The Field investigates developments at the frontiers of science. Schroedinger, Heisenberg, Bohr and Pauli were the pioneers of quantum physics, but numerous scientists in various disciplines have been conducting experiments that reveal profound new possibilities in our perception of the universe. The author investigates the work of those scientists who are at the cutting edge of exploration, all with reference to the life force, universal energy field or Zero Point Field, an ocean of microscopic vibrations. It would appear that evidence is mounting that the universe is one vast quantum field.
Part One: The Resonating Universe, looks at the work of pioneers like Rupert Sheldrake, Fritz Albert Popp, Robert O Becker, Jacques Benveniste and Karl Pribram. The theory of the universe as a collection of resonating frequencies is here examined. Part Two: The Extended Mind, explores the work of inter alia Helmut Schmidt, Jahn & Dunne and Puthoff & Targ. The topics include nonlocality, remote influence and viewing, dreams, clairvoyance, ESP, precognition, the nature of time and how the observer influences the observed.

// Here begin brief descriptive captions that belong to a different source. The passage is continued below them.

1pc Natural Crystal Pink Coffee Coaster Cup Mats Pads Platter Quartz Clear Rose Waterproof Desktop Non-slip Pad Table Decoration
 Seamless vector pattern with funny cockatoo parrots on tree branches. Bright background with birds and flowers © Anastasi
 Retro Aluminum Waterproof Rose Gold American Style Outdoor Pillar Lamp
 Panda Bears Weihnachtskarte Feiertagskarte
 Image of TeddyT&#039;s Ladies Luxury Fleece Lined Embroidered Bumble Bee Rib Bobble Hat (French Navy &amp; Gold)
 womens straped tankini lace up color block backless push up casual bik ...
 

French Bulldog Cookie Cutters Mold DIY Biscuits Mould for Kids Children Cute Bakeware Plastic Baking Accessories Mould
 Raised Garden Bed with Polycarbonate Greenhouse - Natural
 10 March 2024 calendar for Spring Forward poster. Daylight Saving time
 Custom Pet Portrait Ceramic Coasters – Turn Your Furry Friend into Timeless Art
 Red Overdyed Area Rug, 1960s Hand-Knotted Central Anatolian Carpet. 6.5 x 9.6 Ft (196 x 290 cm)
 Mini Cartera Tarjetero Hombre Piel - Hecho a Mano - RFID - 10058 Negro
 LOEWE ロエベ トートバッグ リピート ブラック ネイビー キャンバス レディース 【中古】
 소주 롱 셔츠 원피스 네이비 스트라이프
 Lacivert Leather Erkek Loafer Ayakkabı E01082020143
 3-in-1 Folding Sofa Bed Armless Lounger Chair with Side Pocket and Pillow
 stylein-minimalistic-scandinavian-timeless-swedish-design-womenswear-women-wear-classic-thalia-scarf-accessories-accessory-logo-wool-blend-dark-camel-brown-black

Part Three: Tapping into the Field, describes the experiments of amongst others Elisabeth Targ and her positive findings of remote healing in AIDS cases, and the work of William Braud, Dean Radin and Roger Nelson. The concept of collective consciousness is elaborated upon and quite interesting. The speculations include the possibility that negative consciousness is like a germ that infects large numbers of people and could produce evil like the Inquisition, Hitler and the Salem Witch Trial.
On the other hand, positive consciousness might give rise to great periods in history, like the Renaissance and many benign popular trends. The question of the existence of emotional and intellectual synchronicity is addressed here. McTaggart also considers developments in artificial intelligence and speculates how these discoveries might influence the future. They are hinting at an immense human potential, validating alternative medicine and confirming some mythical and religious beliefs. The author believes that this scientific revolution has forever ended the concept of dualism.
Notes are arranged by chapter, and a huge bibliography and an index conclude the book. Lynne McTaggart has performed a great service by making the research of a large number of scientists known to a wide popular audience. Sometimes the overly detailed descriptions of various experiments and their preparation become tedious. Also, the physical descriptions of the scientists under discussion are often somewhat irritating and superfluous, although it might have been done to keep the narrative conversational and accessible amidst all the science.